Я отбросил в сторону одеяло и прошел в располагавшуюся в двух шагах от комнаты душевую. Привел себя в порядок. Вернувшись, я обнаружил на столе поднос с супницей, черным хлебом и аккуратно порезанной ветчиной. Коломбина сидела на кровати и разбирала свои маски.
— Когда же вы успели? — указал я на поднос.
— Пока вы причесывались.
— Просто не люблю ходить лохматым, — смутился я.
Она внимательно посмотрела на меня и в первый раз улыбнулась.
— Ешьте.
Я сел за стол и с удовольствием съел горячего куриного супа и ветчину.
Все это время она молчала, продолжая перебирать свои маски.
— Спасибо, — я не столько стремился отблагодарить ее за еду, сколько привлечь внимание.
— Пожалуйста, — она даже не посмотрела в мою сторону.
— Скажите, эти маски… вам среди них не страшно?
— А вам среди ваших друзей?
— Ну, это все-таки не одно и то же…
— Разве?
— Конечно.
— И в чем разница?
— Ваши маски… они какие-то зловещие… даже самые красивые из них. Понимаете, в них чувствуется что-то пугающее, что-то демоническое… Какая-то…
— Магия?
— Да. — Некоторое время я молчал, пораженный тем, насколько точно это слово характеризует сковавший меня страх.
— Что ж, возможно, вы и правы. — Она продолжала разбирать свои маски, даже не глядя в мою сторону. Мне же хотелось разговорить ее, узнать о ней как можно больше.

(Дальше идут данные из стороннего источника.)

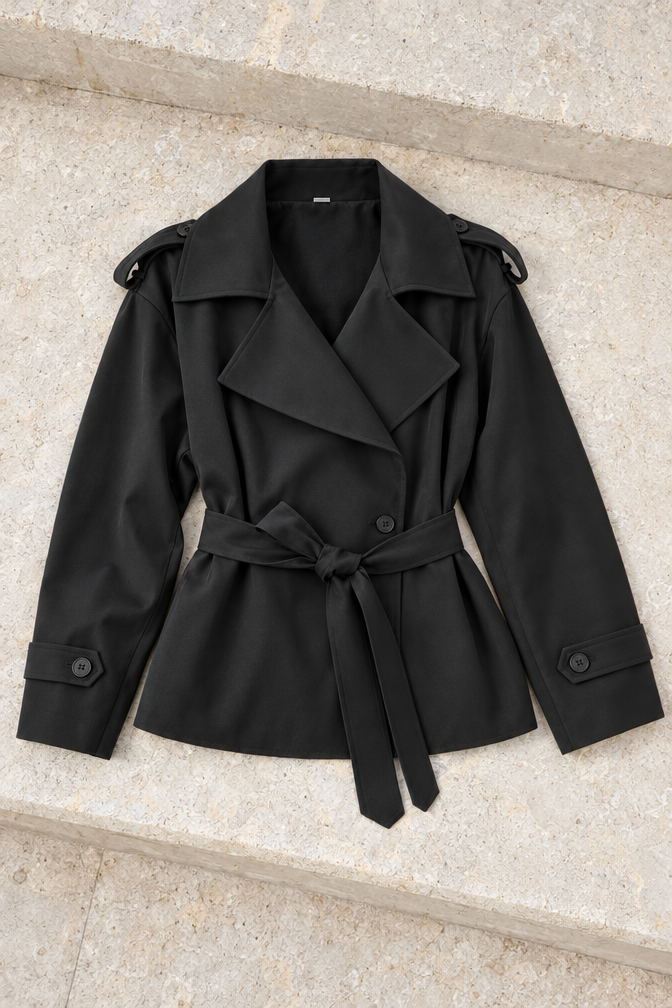 Ginevra Trench Coat — Black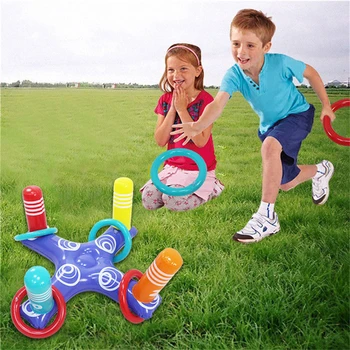 Inflatable Ring Throwing Ferrule Toss Pool Game Toy Kids Outdoor Pool Beach Fun Summer Water Toy 80cm Sadoun.com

— У вас тут довольно скучно. Как вы живете без музыки?
— А вы?
— Я постоянно слушаю музыку. У меня дома стоит огромный музыкальный центр, и я каждый вечер гоняю на нем диски Луи Армстронга, Дюка Эллингтона, Эллы Фицджеральд.
— У меня тоже есть музыка. Хотя и несколько иная.
Она подошла к шкафу, открыла дверцу и принялась что-то искать. Пока она это делала, я разглядел несколько совершенно умопомрачительных платьев, висящих в ее гардеробе, они были столь необычны, что я с трудом мог представить, куда еще их можно было бы надеть кроме карнавала. Наконец она вытащила красивую деревянную шкатулку, от которой буквально исходил дух древности. Я бы не удивился, если б узнал, что этой шкатулке лет триста.
Коломбина подошла ко мне, села рядом, раскрыла шкатулку. Заиграла старинная мелодия, наподобие той, под которую они танцевали прошлой ночью. Эта мелодия была одновременно и красивой и пугающей. Она усыпляла, погружала в транс, словно взгляд опытного гипнотизера.
Коломбина посмотрела мне в глаза, и я понял, что она хочет узнать мое мнение об услышанном.
— Очень необычная музыка, — сказал я.
— Что вы чувствуете, когда ее слышите?